Combine Lionel's and Chuck's points about "support" with "every time someone 
has been looking at a problem for three days and arrived nowhere, they're going 
to blame the compression/decompression/(depression), just because they can't 
find out for real why something isn't working".

Why is anything being done before it is known to be an issue? It may be, as the 
server-people won't be used to trailing blanks in fixed-width fields, but they 
probably have several possible compression options before anyone need consider 
the Micro Focus options, which, as you suspect, should be waaaaayyyyyy ahead of 
home-grown solutions, especially those solutions desperately in search of a 
problem.

It is a, bad, idea.

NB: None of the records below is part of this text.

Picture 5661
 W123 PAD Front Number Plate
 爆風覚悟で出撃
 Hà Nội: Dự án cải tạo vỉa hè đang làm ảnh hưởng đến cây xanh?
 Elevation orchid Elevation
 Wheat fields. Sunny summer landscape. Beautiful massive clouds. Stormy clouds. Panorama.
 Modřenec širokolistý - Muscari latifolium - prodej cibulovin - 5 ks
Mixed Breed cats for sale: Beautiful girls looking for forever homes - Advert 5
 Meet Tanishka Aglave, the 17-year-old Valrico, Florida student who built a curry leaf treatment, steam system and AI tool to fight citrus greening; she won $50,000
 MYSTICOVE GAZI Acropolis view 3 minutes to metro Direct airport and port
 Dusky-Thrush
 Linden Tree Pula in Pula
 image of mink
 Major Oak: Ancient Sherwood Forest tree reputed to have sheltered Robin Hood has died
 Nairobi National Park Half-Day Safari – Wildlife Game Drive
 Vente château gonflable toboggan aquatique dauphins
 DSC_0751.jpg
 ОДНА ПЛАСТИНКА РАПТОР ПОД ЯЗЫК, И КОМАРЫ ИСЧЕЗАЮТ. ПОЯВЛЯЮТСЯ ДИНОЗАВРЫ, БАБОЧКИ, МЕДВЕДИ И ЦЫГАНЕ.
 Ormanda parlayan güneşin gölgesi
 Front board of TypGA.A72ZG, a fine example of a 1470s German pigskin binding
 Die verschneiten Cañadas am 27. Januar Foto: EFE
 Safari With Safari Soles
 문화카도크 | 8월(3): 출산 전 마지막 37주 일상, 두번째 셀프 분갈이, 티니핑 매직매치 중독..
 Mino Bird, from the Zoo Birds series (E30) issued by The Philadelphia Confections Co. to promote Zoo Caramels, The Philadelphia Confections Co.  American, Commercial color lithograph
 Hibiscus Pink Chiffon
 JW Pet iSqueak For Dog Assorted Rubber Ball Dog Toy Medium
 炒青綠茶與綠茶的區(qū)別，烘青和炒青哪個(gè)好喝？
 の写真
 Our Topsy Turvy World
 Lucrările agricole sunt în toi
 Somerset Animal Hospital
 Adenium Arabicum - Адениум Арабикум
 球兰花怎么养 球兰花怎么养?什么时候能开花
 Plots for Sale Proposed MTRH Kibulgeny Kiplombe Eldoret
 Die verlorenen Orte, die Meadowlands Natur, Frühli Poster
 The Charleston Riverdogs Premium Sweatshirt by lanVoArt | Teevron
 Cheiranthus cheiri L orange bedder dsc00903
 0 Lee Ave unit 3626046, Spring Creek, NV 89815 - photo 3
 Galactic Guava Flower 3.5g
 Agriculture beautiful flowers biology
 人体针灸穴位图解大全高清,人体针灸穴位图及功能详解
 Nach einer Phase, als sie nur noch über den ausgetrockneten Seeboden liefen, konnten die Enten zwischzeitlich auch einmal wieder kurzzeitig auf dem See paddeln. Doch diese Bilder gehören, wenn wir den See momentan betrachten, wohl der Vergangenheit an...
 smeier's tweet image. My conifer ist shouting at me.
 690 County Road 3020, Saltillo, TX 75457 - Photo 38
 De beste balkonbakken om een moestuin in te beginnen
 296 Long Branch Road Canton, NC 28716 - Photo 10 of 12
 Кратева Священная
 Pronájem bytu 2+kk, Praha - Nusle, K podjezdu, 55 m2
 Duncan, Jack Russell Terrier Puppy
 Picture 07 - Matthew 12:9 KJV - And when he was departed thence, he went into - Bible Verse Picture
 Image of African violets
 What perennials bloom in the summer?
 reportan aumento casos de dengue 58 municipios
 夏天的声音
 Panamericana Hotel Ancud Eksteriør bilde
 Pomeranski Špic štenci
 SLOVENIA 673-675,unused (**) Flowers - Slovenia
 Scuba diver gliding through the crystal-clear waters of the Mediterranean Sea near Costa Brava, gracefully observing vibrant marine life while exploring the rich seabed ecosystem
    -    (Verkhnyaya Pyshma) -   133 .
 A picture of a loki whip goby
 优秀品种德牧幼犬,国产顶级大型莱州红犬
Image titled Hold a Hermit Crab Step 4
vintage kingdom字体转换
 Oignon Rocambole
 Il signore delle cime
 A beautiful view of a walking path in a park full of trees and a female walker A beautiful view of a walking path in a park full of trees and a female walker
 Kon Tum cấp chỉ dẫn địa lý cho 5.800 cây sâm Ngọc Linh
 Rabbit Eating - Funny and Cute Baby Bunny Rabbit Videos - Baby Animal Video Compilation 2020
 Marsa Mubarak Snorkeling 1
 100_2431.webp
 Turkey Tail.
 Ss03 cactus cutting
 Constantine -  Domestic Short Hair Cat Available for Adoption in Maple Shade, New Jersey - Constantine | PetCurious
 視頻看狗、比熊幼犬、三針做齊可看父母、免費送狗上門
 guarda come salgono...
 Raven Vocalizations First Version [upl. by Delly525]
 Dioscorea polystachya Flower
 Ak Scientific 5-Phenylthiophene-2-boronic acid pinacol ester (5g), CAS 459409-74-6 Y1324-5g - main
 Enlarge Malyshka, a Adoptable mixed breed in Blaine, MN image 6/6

If someone was paying me to do it, I'd expect to more than 
earn my pay by arguing against it.

If decompression is already written, it can at be used to quantify the issue in 
various ways (totals, averages, losses from no-compression vs gains from no 
control information, per record, file sub-system, system) so that everything is 
ready for a meeting with the storage admin people.

The programmer needs to learn something from this. Even if some benefit can be 
extracted from their efforts, this time, knowing when not to do something, and 
when to do something else instead, is a knack worth developing, as it will 
repay over and over again.

I really like the idea that "blanks" are involved in a "space issue" :-)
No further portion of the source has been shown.